Probably one of the main big draws of Elizabeth Gilbert’s Eat, Pray, Love is that it’s a gal’s hero journey and the very first thing the narrator departs from is a marriage, which is usually where women end up at the end of traditional stories.  Very appealing to the modern American sensibility.  I just finished Where Did You Go, Bernadette?, which is a fun read, and it too is a gal’s hero journey; as of course is Wild, the subtitle of which:  “From Lost to Found on the Pacific Coast Trail,” says it all. Women do seem to need to have a nervous breakdown to initiate their heroic journeys – what is up with that?

So…I’m getting old but frankly I’m finding this narrative redundant.  Okay it’s all fine and good but to me it doesn’t go far enough.  Personal satisfaction at the end of a hike up a mountain or around the world or a journey to Antarctica – well, so what? We have seven billion people and counting on this Earth and so what if each one of us finds our “bliss”?  (Campbell got it that people would misinterpret his directive to “follow your bliss” and later said you should “follow your blisters.”) Are all these books Campbell’s fault, I wondered? Shouldn’t story-telling push us farther than our own individual “potential”? Can we only tell stories this way because writer’s workshops and how-to guides like The Writer’s Journey:  Mythic Structure for Writers have rubber-stamped what it is to have an identity and only those stories that fit this mold will be published or produced as movies?  Hasn’t this all become a contradiction in terms?

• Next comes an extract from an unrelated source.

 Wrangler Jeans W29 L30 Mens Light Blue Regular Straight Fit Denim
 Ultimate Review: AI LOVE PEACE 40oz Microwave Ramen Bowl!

Aha!  Campbell got better and better at synthesizing and communicating his message and a great place to get a big dose of it is in The Power of Myth, which is a book-length conversation with Bill Moyers.  Campbell explains that in fact, we need new myths that reflect modern life, but he said things are changing so fast now it will take more time for those new myths to emerge. Campbell’s whole thing is that virtually all religion (another person’s religion is a myth to you and vice versa) tells the same intrinsic story (see hero, above) thus indicating a deep unity at the base of all humanity no matter what race or tradition.  The tribal thing gets in the way, he said.  When you condemn another tribe’s myth/religion you create trouble (and yes we see that everywhere in the world).  He said the next iteration of myth needs to incorporate the planet. Everybody into the pool:  it’s all one big story we are all in it together.  And maybe citizen science will give us a new format for telling stories about our Earth – saving nature together, reuniting the riven disciplines of art and science – citizen science puts its arms around the world like Campbell did, and goes even deeper than mythic time.  Citizen science is about evolutionary time.  Now there’s a story.